Hi! I came across the quote and it's a good one. Speaking is Charles Ives, berating a concertgoer who was catcalling a Carl Ruggles piece:

"You goddamn sissy-eared mollycoddle! When you hear strong music like this, stand up and use your ears like a man!"


----------



## Fabulin (Jun 10, 2019)

Shostakovich reportedly said that if they cut off his hands, he would hold the pencil with his teeth.

I also like the quote by Stravinsky's wife: "Our house knows no holidays".

Glazunov had some savage quotes. I do not have them on this computer, they were from some book; he supposedly kept works by various composers sorted by surnames except for the letter "i"---"irrelevant", where some rather famous names could be found.
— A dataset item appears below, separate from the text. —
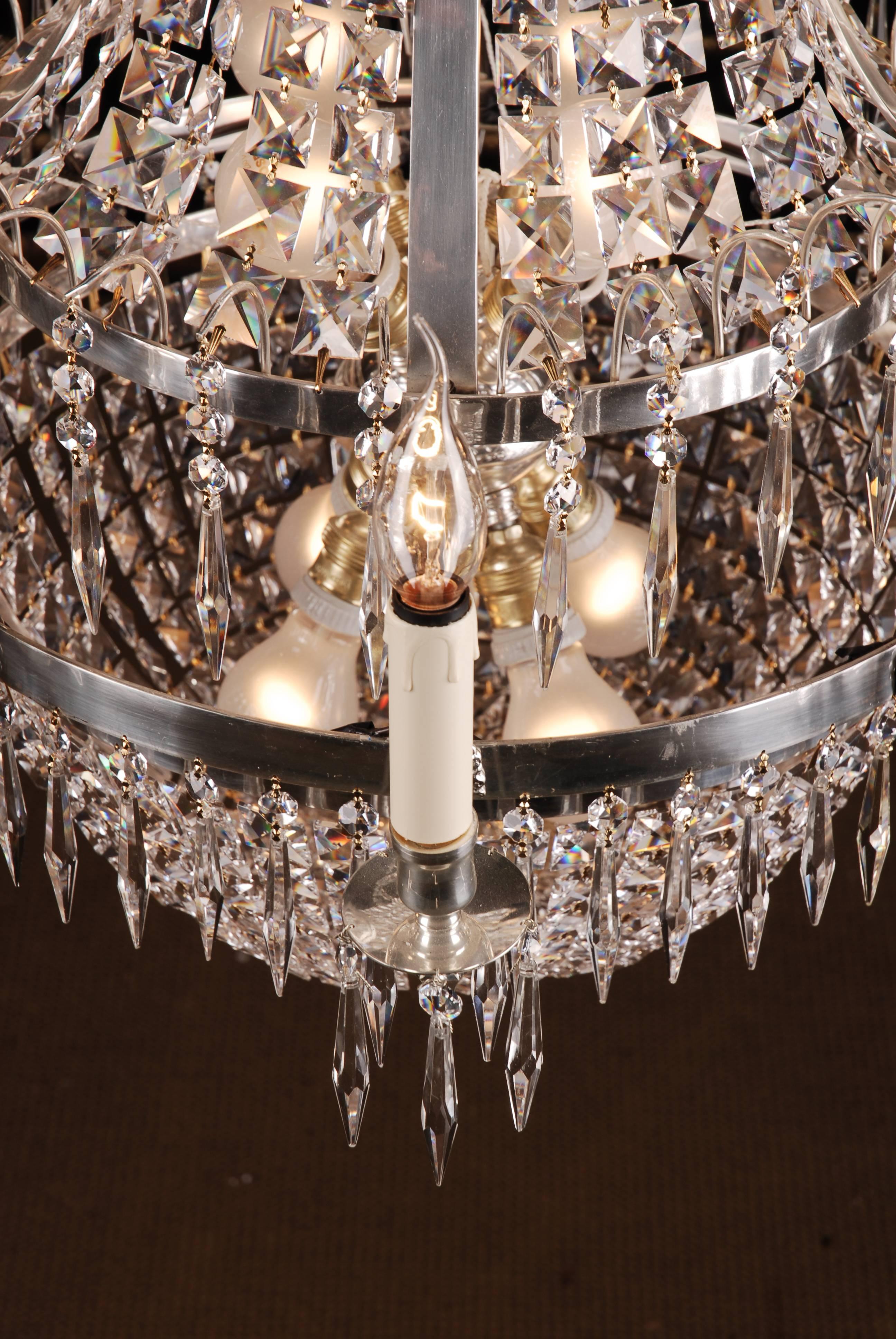 Polished Swedish Empire Ceiling Chandelier in Classicist Style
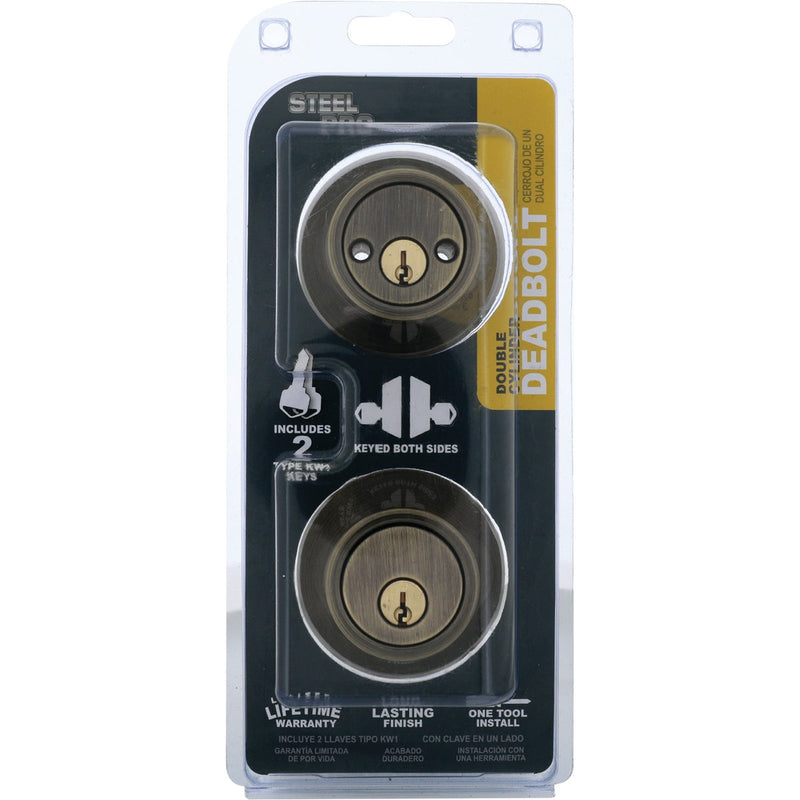 Steel Pro Antique Brass Double Cylinder Deadbolt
And also he said about Debussy "Could it be that Rimsky and I influenced the orchestration of all these contemporary degenerates?".


----------



## KenOC (Mar 7, 2011)

"There are three levels of intelligence: 'stupido', 'stupidissimo', and 'tenore'." -- Arturo Toscanini


----------



## Swosh (Feb 25, 2018)

So everyone is stupid? haha


----------



## KenOC (Mar 7, 2011)

Schumann describing Haydn: "...an old family friend whom one receives gladly and respectfully but who has nothing new to tell us."


----------



## KenOC (Mar 7, 2011)

"Karajan? He enthuses the masses. So does Coca-Cola." --Sergiu Celibidache


----------



## Fabulin (Jun 10, 2019)

KenOC said:


> "There are three levels of intelligence: 'stupido', 'stupidissimo', and 'tenore'." -- Arturo Toscanini


"Toscanini is just a time-beater" -- Bernard Herrmann


----------



## Woodduck (Mar 17, 2014)

Larkenfield said:


> Hi! I came across the quote and it's a good one. Speaking is Charles Ives, berating a concertgoer who was catcalling a Carl Ruggles piece:
> 
> "You goddamn sissy-eared mollycoddle! When you hear strong music like this, stand up and use your ears like a man!"


One wonders what he would have said to a woman.


----------



## Larkenfield (Jun 5, 2017)

Woodduck said:


> One wonders what he would have said to a woman.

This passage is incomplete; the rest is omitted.